春は新人への教育・訓練を重ねて「無知」「未経験」「不慣れ」のエラーをなくそう

春は新入社員を迎える季節。建設業も例外ではありません。新人にまず教えるべきことは、労働災害に遭わないための教育・訓練ではないでしょうか。

新人は「無知」「未経験」「不慣れ」によるエラーを起こし、事故に遭う危険性が高いからです。

現場に潜む危険を教育・訓練で伝える

新人は、建設現場とその業務内容について、当然ながら「知らない(無知)」「経験していない(未経験)」「慣れていない(不慣れ)」状態です。それによって「塗装作業中、有機溶剤中毒にかかる」「屋根に上って作業をしていたところ、高圧電線に接触して感電する」というような事故が起きてしまうのです。

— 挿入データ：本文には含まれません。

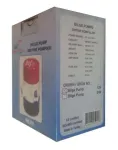 Pompa santina 360 GPH 12V  - Miniatura 1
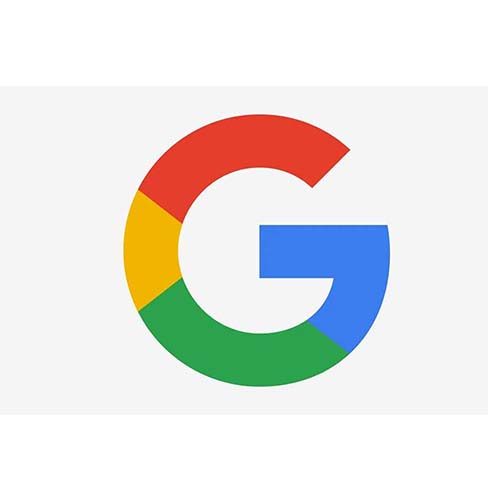 Sathaasivam Chandran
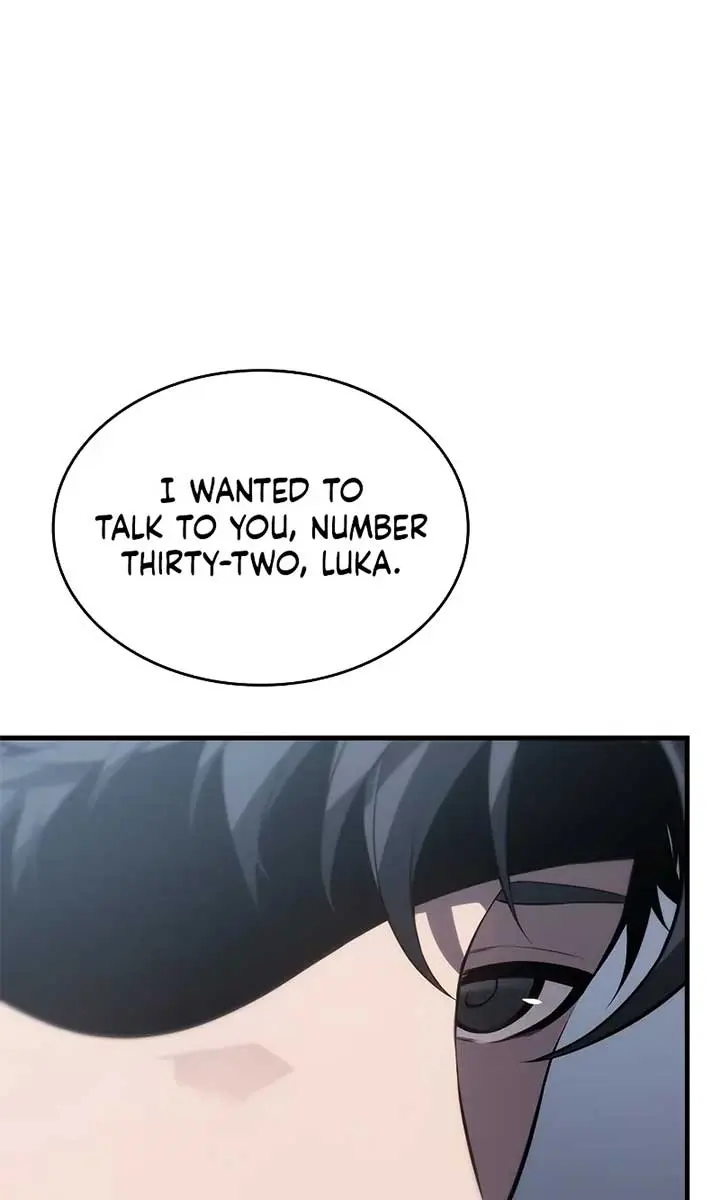 Bad Born Blood Chapter 1 Page 123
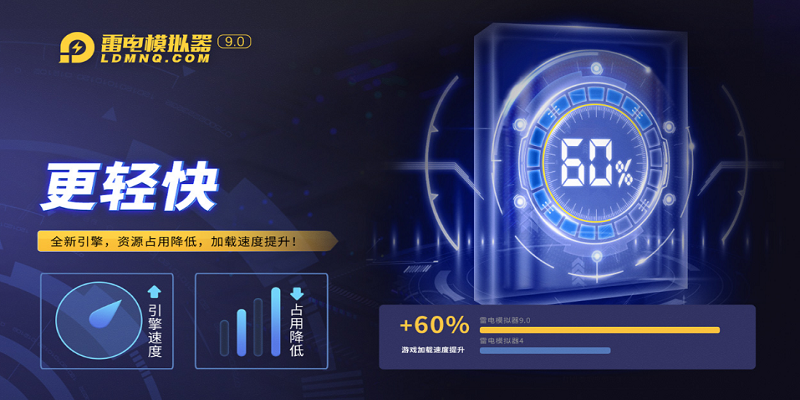 雷電模擬器標(biāo)準(zhǔn)版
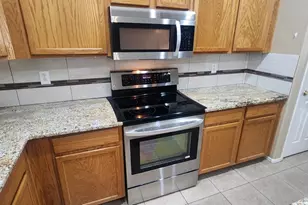 10755 W Davis Ln, Avondale, AZ 85323 - Photo 20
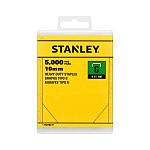 DeWALT Staples 5000EA Per pack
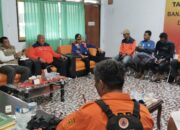 Pencarian Korban Hanyut di Sumbawa Resmi Dihentikan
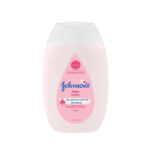 Johnson's Baby Lotion  100 ml India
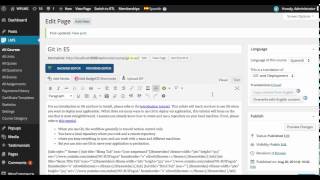 WPML in WPLMS [OLD]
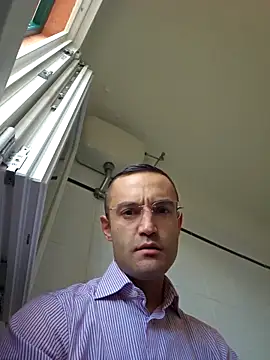 enricso online show from October 2025 10:03:01 AM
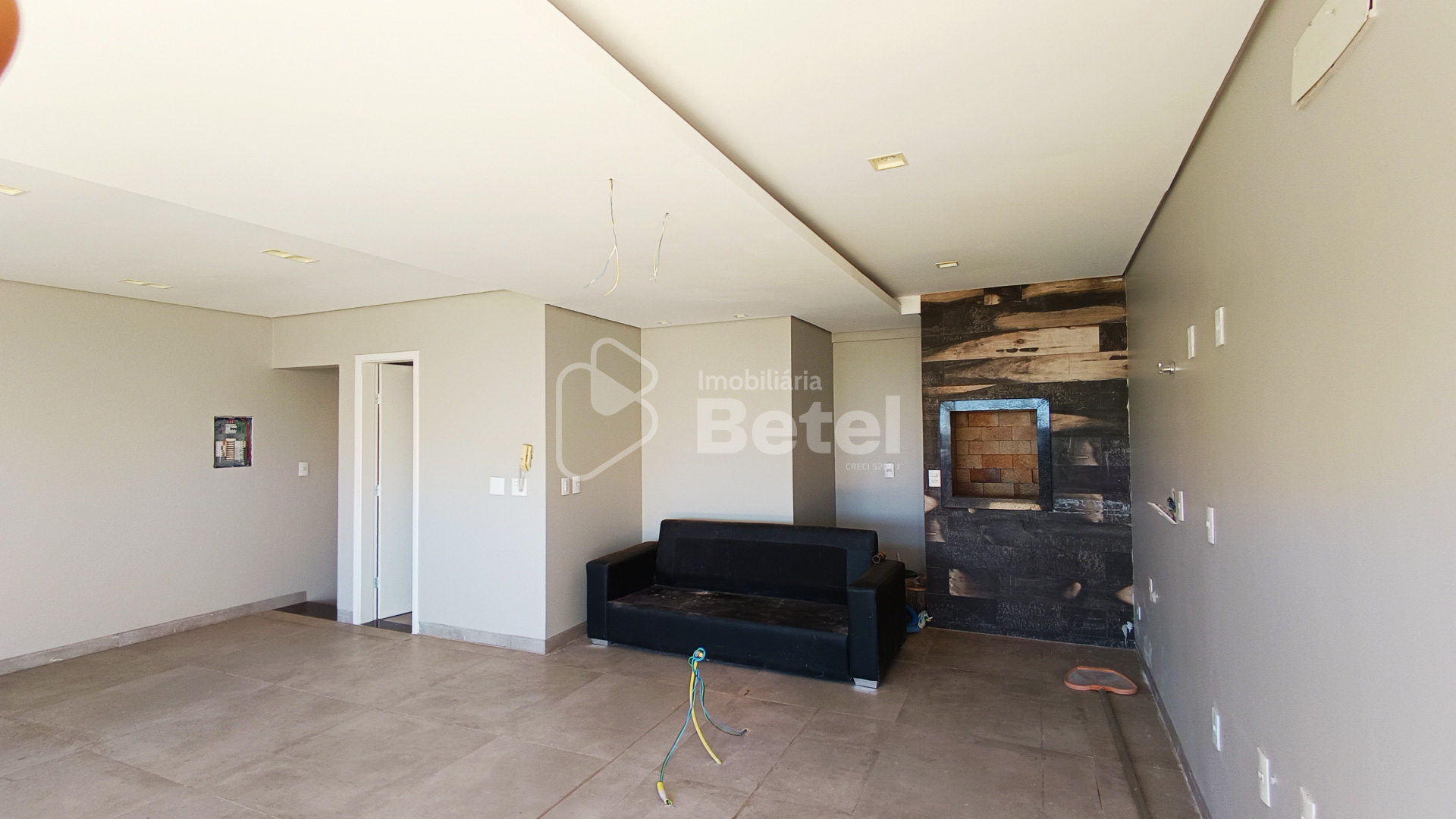 Apartamento no Jardim Central, foto 18 de 26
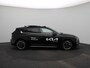 Kia K4 1.0 T-GDi MHEV GT-Line Launch Edition (pano) | Nieuw Model | Kia Ceed opvolger | Hatchback | DEMONSTRATIE VOERTUIG |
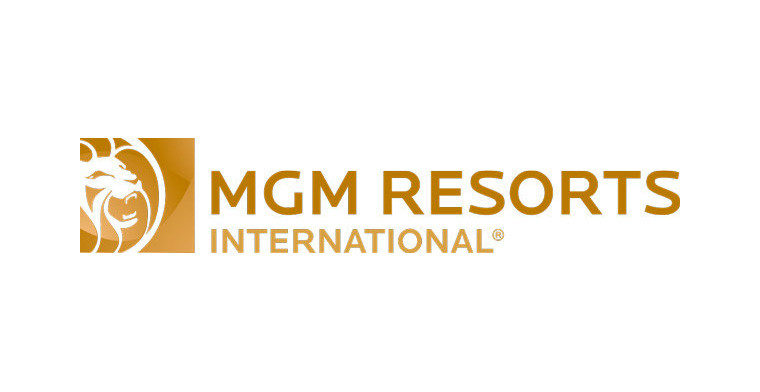 MGM Resorts International: these are first quarter 2025 financial and operating results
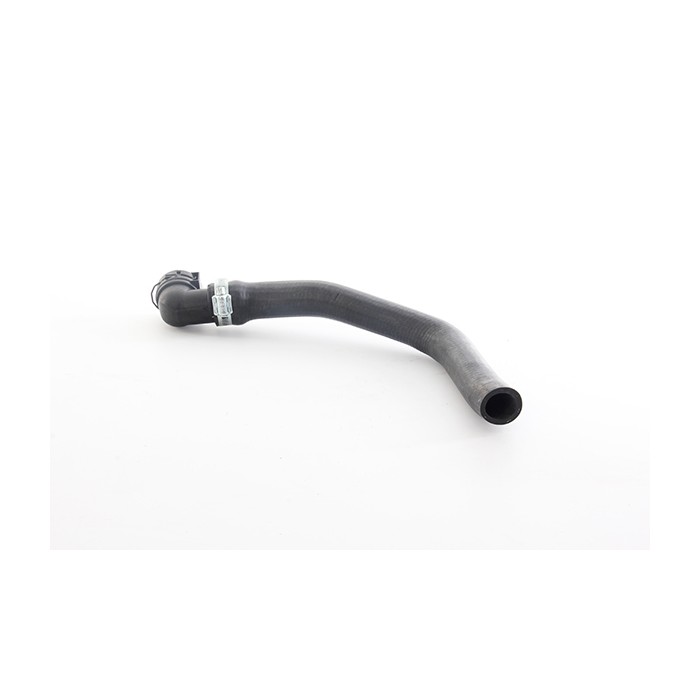 Tuyau d'Eau Liquide de Refroidissement Pour Fiat Doblo 51709485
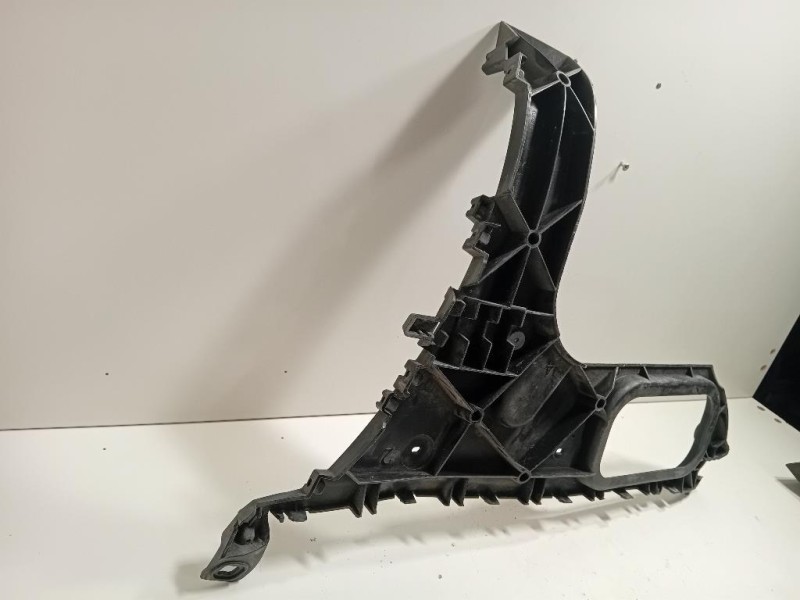 KIT Sostegni Interni Paraurti ANT 4L0807454A Audi Q7 4LB 2009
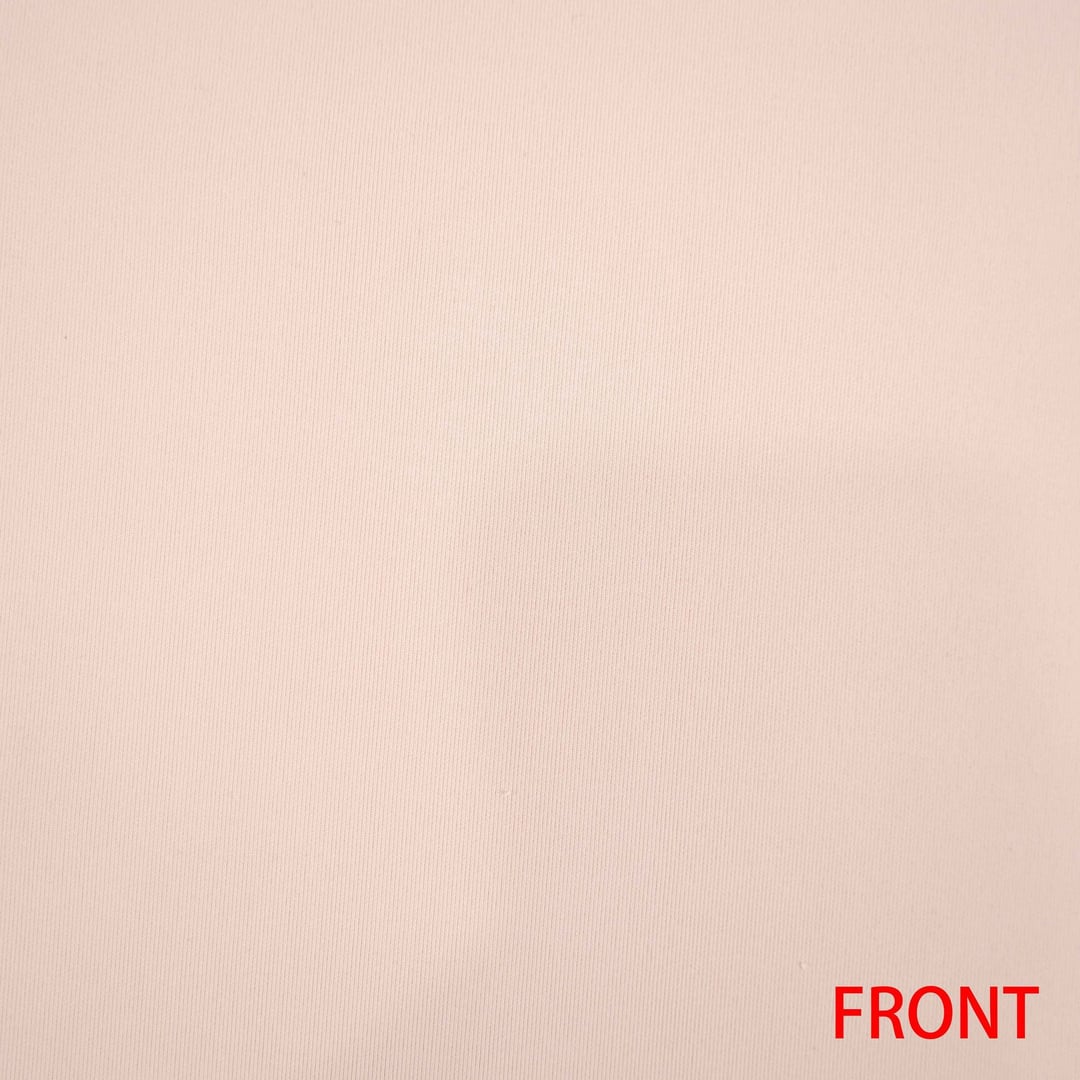 Nylon Healthy Stretch Fabric
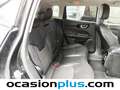Jeep Compass 1.6 Mjt Limited FWD Noir - thumbnail 15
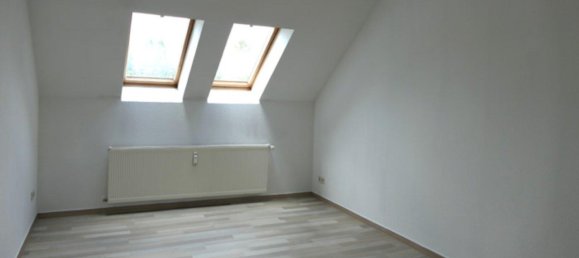 2 Schlafzimmer Wohnung in Mansfeld-Südharz, Germany, Nr. 254430 4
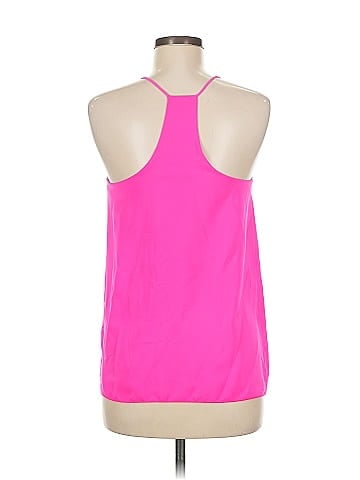 Karlie Sleeveless Top (view 2)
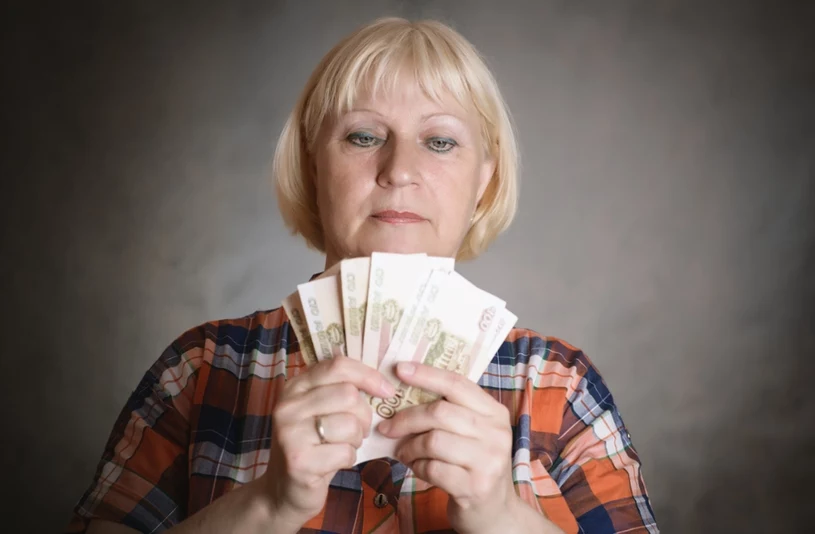 „Pieniądze będą ci sprzyjać”. Wróżka Anne zdradza, kto może liczyć na szczęście od 10 marca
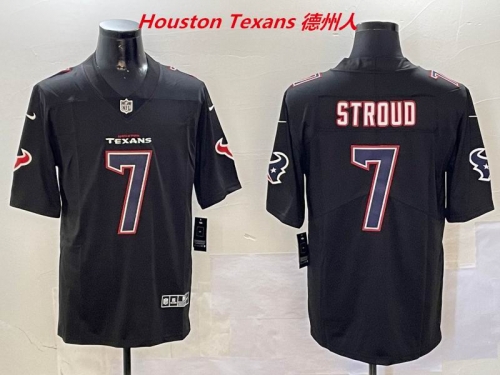 NFL Houston Texans 253 Men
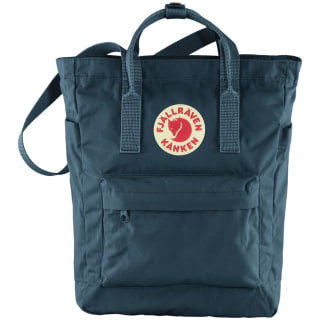 Fjällräven Kånken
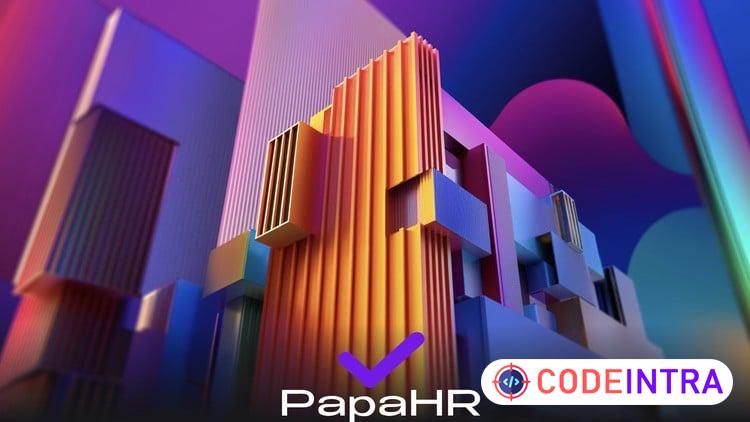 HR Карьера: рост от HR-менеджера до HR-директора [RU] - Codeintra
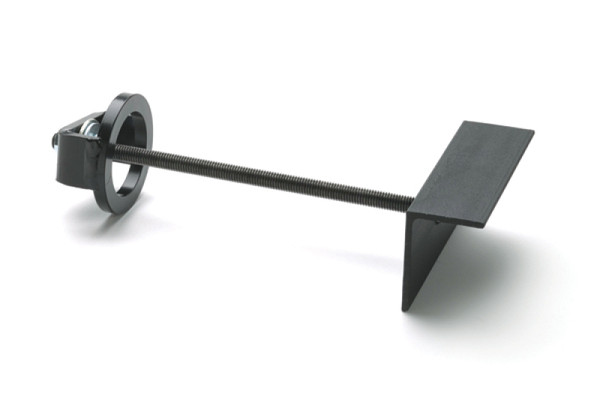 EPI 02+ Kawasaki Teryx/ Mule Pro FX/FXT/ Polaris 570-900 RZR/Sportsmsn Clutch Compression Tool - CCT510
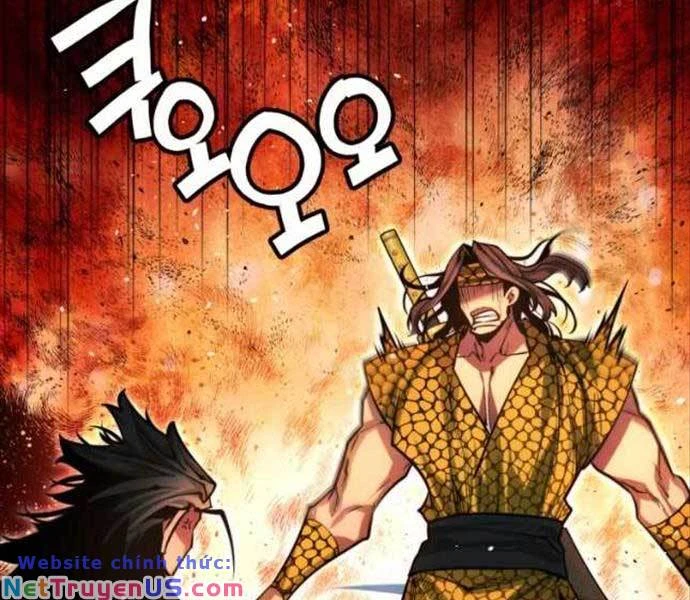 Chuyển Sinh Vào Thế Giới Võ Lâm Chapter 56 - 230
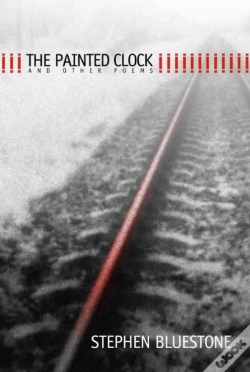 Capa do artigo The Painted Clock And Other Poems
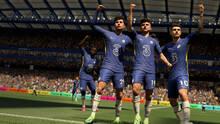 Imagen 17 de FIFA 22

よって、新人を受け入れたら、まずは現場ではどのような危険が潜んでいて、どんなことに気をつけなければならないのかを教育・訓練しなければいけません。

 

危険感受性を向上させる教育が現代の新人に不可欠

現場経験のない新人に対して有効なのは、危険感受性を向上させる教育です。

危険感受性とは、そこにどのような危険があるのかということを感じ取る力を指します。日常的に危険な状況にさらされる機会が少なくなっている現代社会では、人々の危険感受性が鈍っている傾向にあると言われています。

 

危険感受性を向上させるには、危険の疑似体験教育が効果的です。

危険の疑似体験教育の例として「5メートル墜落衝撃体感」を挙げます。作業員全員で安全ネットを持ち、高さ5メートルの場所から人間の重さに相当する土のうをネットに落とし、参加者全員で墜落の衝撃を体感してもらうのです。

また、「無知」「未経験」「不慣れ」のエラーによる事故をなくすには、「誰が未経験の新人なのか」を現場で働く人全員に周知させることも大切です。誰が新人でどこに配置されているのかを全員が把握できていれば、現場全体で新人を見守る体制が整います。

 

労働災害は現場に不慣れな段階で多発する傾向にあります。現場全体で教育訓練やOJT等を通じて、エラーと災害の撲滅に努めましょう。